Assignment:
Set down the entries below exactly, leaving out all images.

[Captioned web image data]
• • • •

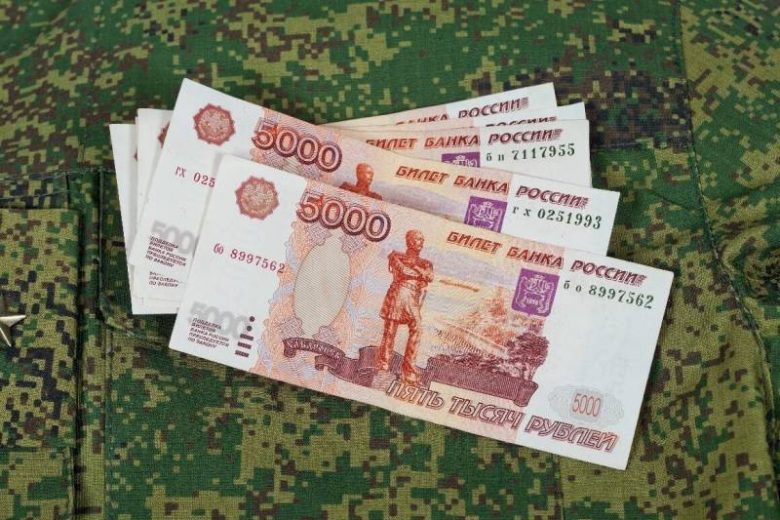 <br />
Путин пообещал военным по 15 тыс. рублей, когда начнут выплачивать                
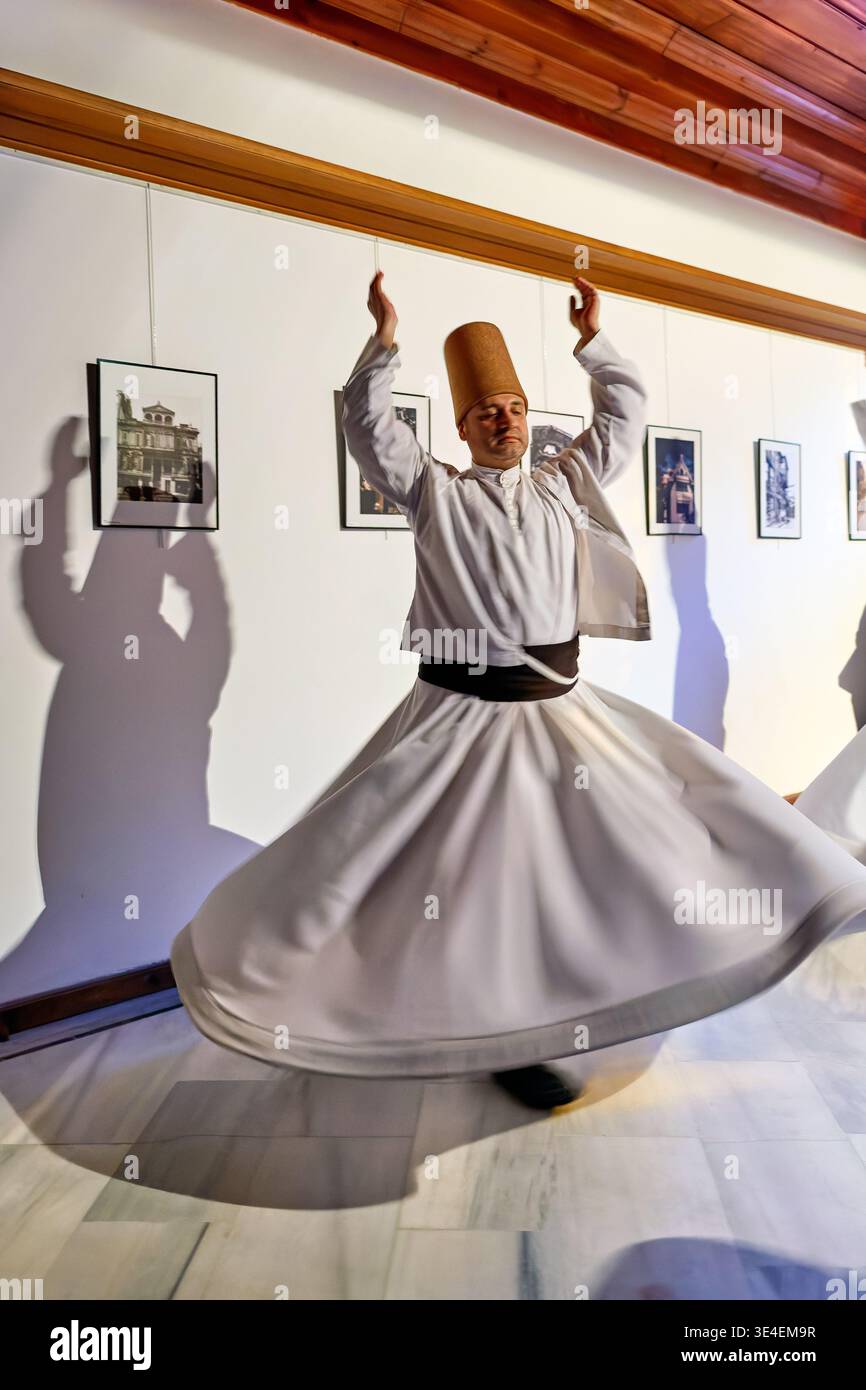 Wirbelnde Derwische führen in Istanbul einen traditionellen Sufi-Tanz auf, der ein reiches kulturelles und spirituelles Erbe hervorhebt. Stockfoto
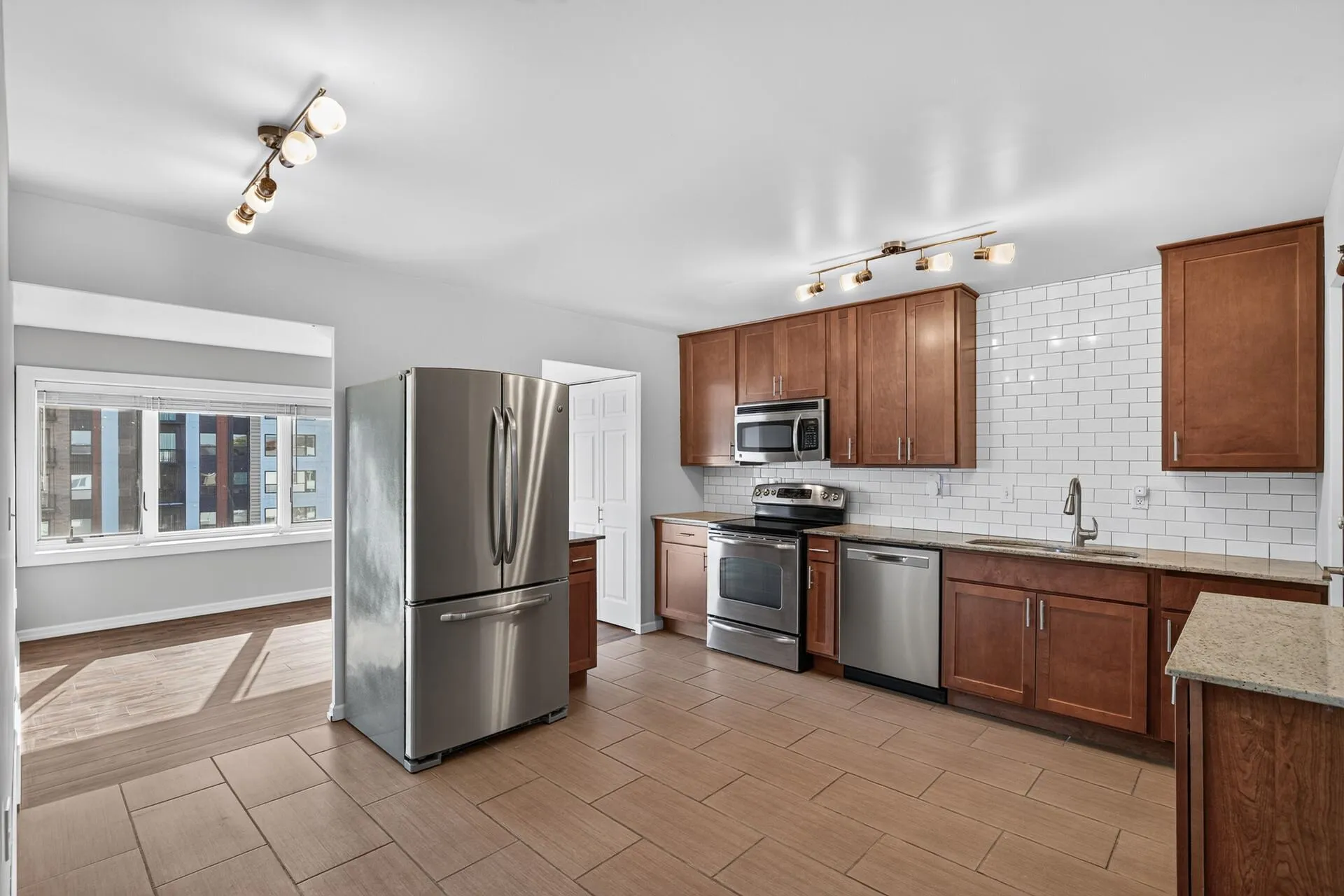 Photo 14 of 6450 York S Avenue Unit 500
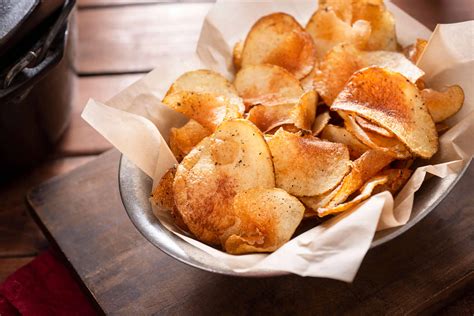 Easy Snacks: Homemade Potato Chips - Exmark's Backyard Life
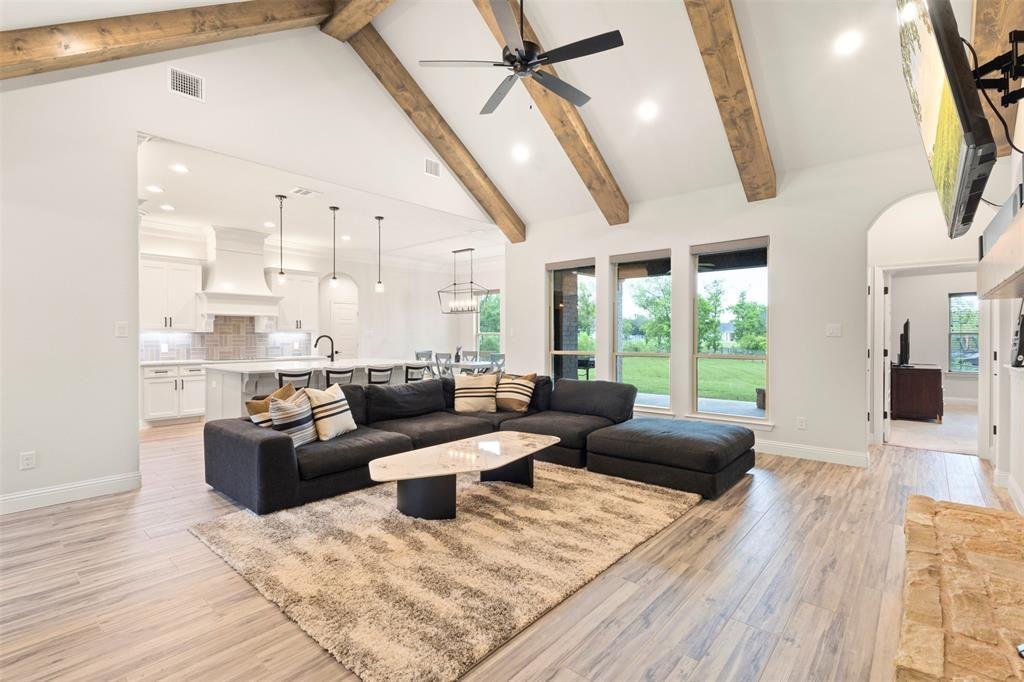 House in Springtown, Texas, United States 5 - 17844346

• • • •

Written reply:
 <br />
Путин пообещал военным по 15 тыс. рублей, когда начнут выплачивать                
 Wirbelnde Derwische führen in Istanbul einen traditionellen Sufi-Tanz auf, der ein reiches kulturelles und spirituelles Erbe hervorhebt. Stockfoto
 Photo 14 of 6450 York S Avenue Unit 500
 Easy Snacks: Homemade Potato Chips - Exmark's Backyard Life
 House in Springtown, Texas, United States 5 - 17844346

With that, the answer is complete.